Partez à la découverte du plus mystérieux portrait de la collection.

Présentation de l'oeuvre

École italienne du début XVIIe, Portrait de Bartholomeus Bongus. Huile sur toile, 194,5 x 112,3 cm. Château d’Aulteribe (Sermentizon)

© Centre des monuments nationaux/Philippe Berthé

L’histoire matérielle du portrait est en soi énigmatique, puisque le tableau est agrandi en partie basse sur cinq centimètres. Deux grandes incrustations sont visibles sur la surface picturale, peut-être dues à une transposition d’un support bois vers une toile. Le tableau porte une inscription : « Bartholomeus Bongus Aeque Ann.Dni. MCDXVI », « également Bartholomeus Bongus, 1416 » ainsi qu’un motif héraldique à champ rebattu alterné (répétition de motifs binaires alternant deux couleurs), c’est-à-dire avec un nombre impair de séparation : Fascé d'or et de gueules de six pièces, armoiries répertoriées dans CAMOZZI VER - TOVA DE GHERARDI (1994) et sont celles de la famille Bonghi.

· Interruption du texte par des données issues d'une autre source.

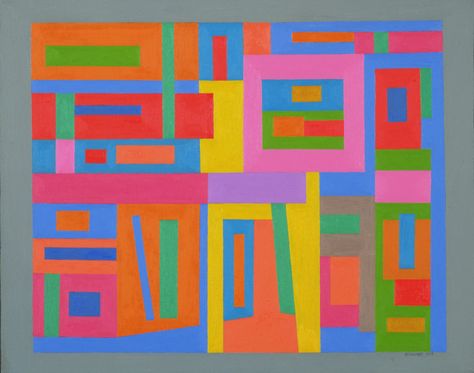 Ad Reinhardt. Untitled. 1938 | MoMA Ad Reinhardt, Abstract Painters, Contemporary Abstract Art, Modern Quilt, Abstract Expressionist, Museum Of Modern Art, Abstract Artists, Geometric Art, Quilt Inspiration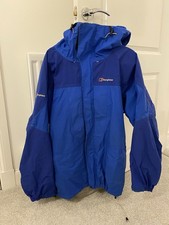 Berghaus Extrem Gore-Tex XCR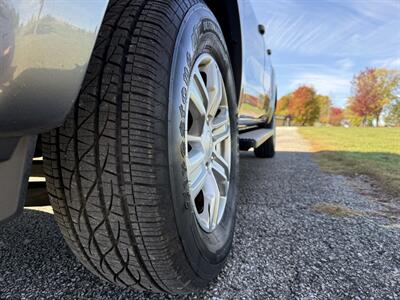 2022 Ford Ranger XLT   - Photo 26 - Greensburg, IN 47240-9353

École italienne du début XVIIe, Portrait de Bartholomeus Bongus. Huile sur toile, 194,5 x 112,3 cm. Château d’Aulteribe (Sermentizon)

© Centre des monuments nationaux

Le portrait possède le même encadrement que celui qui lui fait pendant, et qui s’avère être un portrait de Christine de Lorraine (1565-1637) par Giusto Sustermans. Ces deux tableaux ont peut-être été achetés ensembles, et donc avoir potentiellement un rapport entre eux, à moins qu’il ne s’agisse que d’un strict accrochage décoratif de deux portraits en pied, comme le suggère l’agrandissement en basse de cinq centimètres.

Le nom peint sur le tableau d’Aulteribe, Bartolomeo Bongus, est en fait celui de Bartolomeo Bonghi, juriste italien du XVIe siècle dont un portrait est conservé au Metropolitan museum de New York. La notice du Metropolitan museum précise que l’œuvre est exposée pour la première fois à Londres, en juin 1861, est dénommée alors « Bartholomeus Bongus ». Le tableau du Metropolitan museum, restaurée en 1991, a permis d’ôter un blason qui avait été ajouté au XIXe siècle, que l’on retrouve encore dans certaines copies. Il est à noter que ce docteur en droit civil et canon est représenté avec un livre, et non une épée comme dans notre portrait d’Aulteribe.

Sur le deuxième portrait de Bartolomeo Bonghi, passé en vente publique, une inscription et une date « BARTHOLOMEVS BONGVS L.V.D./CAN.ET PRIMICER. CATH.BERG./ PROTHONOT.APPLICVS.COMES.ET AE QV./ ANNO.DNI.MDLXXXIV' (centre gauche), qu’il faut comprendre comme « Bartholomeus Bongus. I(uris) U(triusque) D(octor) / Can(onic)us et Pri - micer(i)us Cath(edrae) Berg(omensis) / Pro - thonot(arius) Ap(ostho)licus Comes et Ae - ques / Anno D(omi)ni MDLXXXIV».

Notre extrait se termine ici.